事件・事故ヤマト運輸が物流施設の建設用地として購入した土地にアスベストが混じったコンクリート片が見つかったことを受け、購入先の荏原製作所に撤去費用などの負担を求めた損害賠償請求訴訟で、最高裁は1月29日、ヤマト、荏原製作所の両社による上告を棄却した。この判断に伴い、荏原製作所に59億5278万円の支払いを命じた東京高裁の判決が確定した。
問題の土地は、ヤマトが2007年12月25日に荏原製作所と売買契約を交わした東京都大田区羽田旭町の区画で、現在は「羽田クロノゲート」が稼働している。ヤマトは同施設の建設を進めていたが、荏原製作所が使用していた旧建物の解体工事が完了した後の11年1月、土地の表面と地中に、アスベストを含むスレート片が広い範囲にわたって数多く混入していたことが判明。
ヤマトは周辺住民や行政との協議を経てアスベストが混じったスレート片を全量撤去した上で「売買契約上の瑕疵に該当するもの」と判断し、荏原製作所に撤去費用の負担を求めたが、荏原製作所はその負担を拒絶。ヤマトは12年3月28日に東京地裁で損賠請求訴訟を起こした。

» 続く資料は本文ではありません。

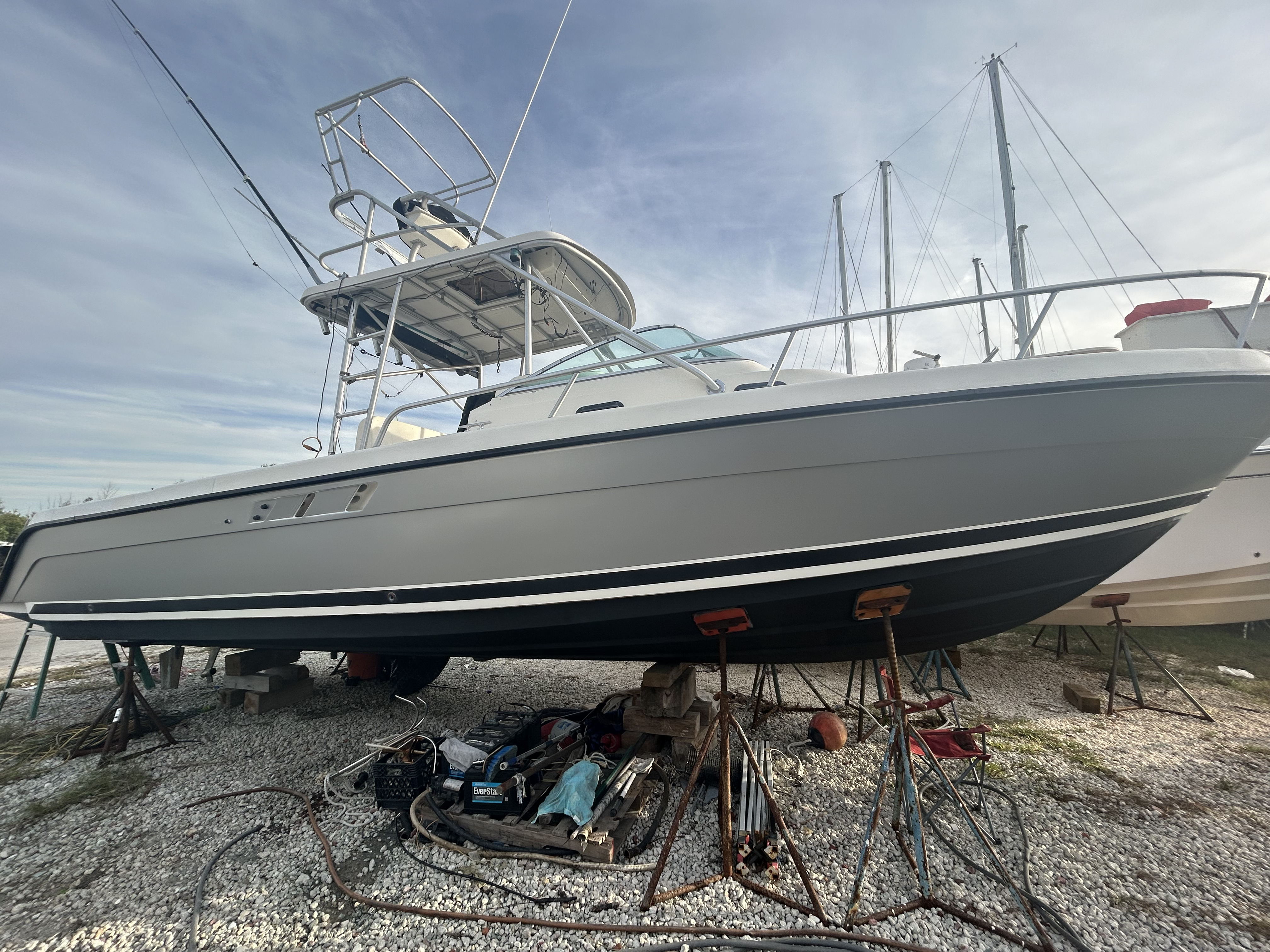 Custom shark-mouth boat wrap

16年4月28日、東京地方裁判所は、ヤマト運輸の請求を一部認め、荏原製作所に対して56億1812万円などの支払いを命じたが、両社ともに控訴。18年6月28日には、東京高裁がヤマトの控訴部分の一部をさらに認め、荏原製作所に59億5278万円などの支払いを命じる判決を言い渡したものの、再び両社が判決を不服として最高裁に上告していた。
両社の上告を棄却した最高裁の判断を受け、荏原製作所は「18年12月期第1四半期までに全額計上済みであり、業績に与える影響はない」としている。